REQUIREMENT ->
Using the material below, print the line that contains "vitamin pills in", the line that contains "outdoor pool with fence and a patio", and every line in between, exactly and nothing else.

EXTRACTED MATERIAL ->
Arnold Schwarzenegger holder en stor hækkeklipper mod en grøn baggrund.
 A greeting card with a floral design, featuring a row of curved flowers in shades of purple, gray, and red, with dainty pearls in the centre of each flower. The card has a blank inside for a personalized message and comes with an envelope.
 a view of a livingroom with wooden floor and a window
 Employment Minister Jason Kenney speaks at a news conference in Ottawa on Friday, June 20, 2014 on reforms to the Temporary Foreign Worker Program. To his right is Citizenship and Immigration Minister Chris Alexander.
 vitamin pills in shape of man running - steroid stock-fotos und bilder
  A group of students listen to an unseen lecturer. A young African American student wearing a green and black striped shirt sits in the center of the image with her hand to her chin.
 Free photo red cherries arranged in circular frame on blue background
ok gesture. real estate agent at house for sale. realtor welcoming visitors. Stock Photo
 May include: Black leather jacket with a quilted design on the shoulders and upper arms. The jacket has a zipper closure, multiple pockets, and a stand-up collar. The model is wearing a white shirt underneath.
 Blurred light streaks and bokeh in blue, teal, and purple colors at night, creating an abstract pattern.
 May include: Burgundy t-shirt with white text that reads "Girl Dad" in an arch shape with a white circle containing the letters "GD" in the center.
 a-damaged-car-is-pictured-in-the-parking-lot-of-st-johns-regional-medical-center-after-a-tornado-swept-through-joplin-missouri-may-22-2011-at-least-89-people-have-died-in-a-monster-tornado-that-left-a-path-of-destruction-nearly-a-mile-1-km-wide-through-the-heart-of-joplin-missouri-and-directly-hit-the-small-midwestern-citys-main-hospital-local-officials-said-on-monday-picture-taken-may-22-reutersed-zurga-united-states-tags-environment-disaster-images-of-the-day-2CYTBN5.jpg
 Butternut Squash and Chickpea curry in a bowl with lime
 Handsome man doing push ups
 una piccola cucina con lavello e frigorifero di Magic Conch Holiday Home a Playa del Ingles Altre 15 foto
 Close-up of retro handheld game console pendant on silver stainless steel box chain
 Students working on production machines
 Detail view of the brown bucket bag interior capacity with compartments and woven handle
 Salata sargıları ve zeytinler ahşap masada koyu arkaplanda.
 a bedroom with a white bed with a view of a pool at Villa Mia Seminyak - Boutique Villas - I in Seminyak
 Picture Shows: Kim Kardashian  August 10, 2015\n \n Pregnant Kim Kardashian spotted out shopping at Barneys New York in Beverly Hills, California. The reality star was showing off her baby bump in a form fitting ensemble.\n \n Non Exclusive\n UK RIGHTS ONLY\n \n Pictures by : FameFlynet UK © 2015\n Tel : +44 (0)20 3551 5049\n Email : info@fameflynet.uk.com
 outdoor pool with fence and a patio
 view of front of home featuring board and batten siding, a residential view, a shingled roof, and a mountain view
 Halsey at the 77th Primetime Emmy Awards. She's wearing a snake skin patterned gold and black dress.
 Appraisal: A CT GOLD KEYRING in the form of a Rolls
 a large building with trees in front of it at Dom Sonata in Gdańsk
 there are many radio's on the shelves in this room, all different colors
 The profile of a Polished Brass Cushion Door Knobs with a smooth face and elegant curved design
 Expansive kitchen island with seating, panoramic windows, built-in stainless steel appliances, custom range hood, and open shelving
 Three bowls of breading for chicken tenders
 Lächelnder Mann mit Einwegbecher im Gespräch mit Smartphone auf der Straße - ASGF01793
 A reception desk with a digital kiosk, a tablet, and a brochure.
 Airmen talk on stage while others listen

WRITTEN SOLUTION ->
 vitamin pills in shape of man running - steroid stock-fotos und bilder
  A group of students listen to an unseen lecturer. A young African American student wearing a green and black striped shirt sits in the center of the image with her hand to her chin.
 Free photo red cherries arranged in circular frame on blue background
ok gesture. real estate agent at house for sale. realtor welcoming visitors. Stock Photo
 May include: Black leather jacket with a quilted design on the shoulders and upper arms. The jacket has a zipper closure, multiple pockets, and a stand-up collar. The model is wearing a white shirt underneath.
 Blurred light streaks and bokeh in blue, teal, and purple colors at night, creating an abstract pattern.
 May include: Burgundy t-shirt with white text that reads "Girl Dad" in an arch shape with a white circle containing the letters "GD" in the center.
 a-damaged-car-is-pictured-in-the-parking-lot-of-st-johns-regional-medical-center-after-a-tornado-swept-through-joplin-missouri-may-22-2011-at-least-89-people-have-died-in-a-monster-tornado-that-left-a-path-of-destruction-nearly-a-mile-1-km-wide-through-the-heart-of-joplin-missouri-and-directly-hit-the-small-midwestern-citys-main-hospital-local-officials-said-on-monday-picture-taken-may-22-reutersed-zurga-united-states-tags-environment-disaster-images-of-the-day-2CYTBN5.jpg
 Butternut Squash and Chickpea curry in a bowl with lime
 Handsome man doing push ups
 una piccola cucina con lavello e frigorifero di Magic Conch Holiday Home a Playa del Ingles Altre 15 foto
 Close-up of retro handheld game console pendant on silver stainless steel box chain
 Students working on production machines
 Detail view of the brown bucket bag interior capacity with compartments and woven handle
 Salata sargıları ve zeytinler ahşap masada koyu arkaplanda.
 a bedroom with a white bed with a view of a pool at Villa Mia Seminyak - Boutique Villas - I in Seminyak
 Picture Shows: Kim Kardashian  August 10, 2015\n \n Pregnant Kim Kardashian spotted out shopping at Barneys New York in Beverly Hills, California. The reality star was showing off her baby bump in a form fitting ensemble.\n \n Non Exclusive\n UK RIGHTS ONLY\n \n Pictures by : FameFlynet UK © 2015\n Tel : +44 (0)20 3551 5049\n Email : info@fameflynet.uk.com
 outdoor pool with fence and a patio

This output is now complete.